Forum Discussion
Does that other ETL process work with the same database(what Oracle users might call a schema)?
https://dev.mysql.com/doc/refman/5.7/en/charset-applications.html
The problem here is that unicode has a few problems, so it can’t be supported 100%, and everything and everyone support it a bit differently. The default is often ASCII, and if you want to support unicode:
- EVERYTHING must support it all the way… The input, processing, and output, as well as source and target.
- In some cases, like older Oracle installations, the operating system environment containing such instances must be setup right.
- In some cases, like some Microsoft installations, you must use the exact code page sometimes.
- With GRAPHIC characters, especially if they are the early microsoft/IBM ones, all bets might be off, and you may have to settle.

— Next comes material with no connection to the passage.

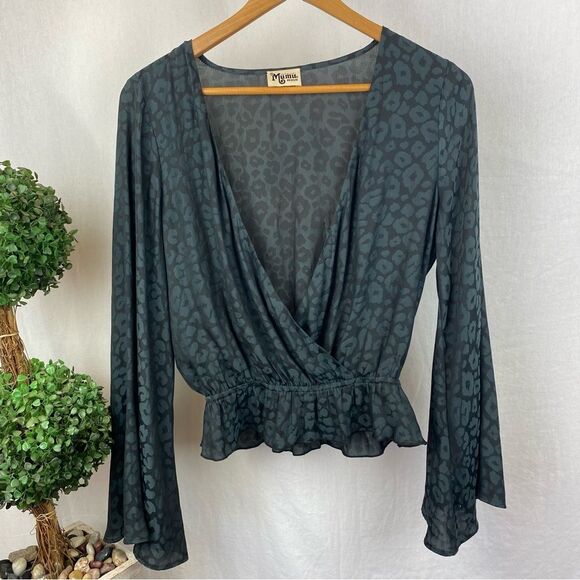 Show Me Your Mumu Black Animal Leopard Print Faux Wrap Blouse Top M - Picture 2 of 7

One good thing though, these are unicode, so it SHOULD be doable:
From wikipedia…
“The Unicode codepoints for the letter are U+0142 for the lower case, and U+0141 for the capital.[11] In the LaTeX typesetting system Ł and ł may be typeset with the commands \L{} and \l{}, respectively. The HTML-codes are Ł and ł for Ł and ł, respectively.”
Your first task should be to run the process with a few of the offending records in preview mode. Check the target(just before the converter in the preview window). If it is right, the problem is with the target driver, or some target centric area. Check the source. If it is bad, the problem is with the source driver, or some source centric area. THEY are usually the culprit. Then maybe try key points in between to find one that fails, and work back from there.
OH, and if you are using an oracle version prior to 12(I forget the EXACT version in 12 where they fixed it), and you find the problem is THERE, it might be an ENVIRONMENT problem. You will have to fix the environment(it is just a couple environment variable settings)
and restart the drivers and/or snaplex.
We’re using Aurora, so we’re communicating using MySQL libs on UTF-8 defined InnoDB tables.
Under the hood, we’ve drilled down into how to test this:
- JSON generator does not output correctly if you copy paste the value
- Inserting the value manually into the UTF-8 table and running a select against it successfully loads the character into Snaplogic (it is properly previewable)
- Selecting that value and then inserting it back into the table fails, as the value inputted is just a ? instead of the proper character
So, under the hood, it seems like there’s a problem with either the insert or merge steps, or both.
We’ve considered bypassing this by creating an S3 file that we upload, but this feels like overkill for what should be an otherwise simple insert.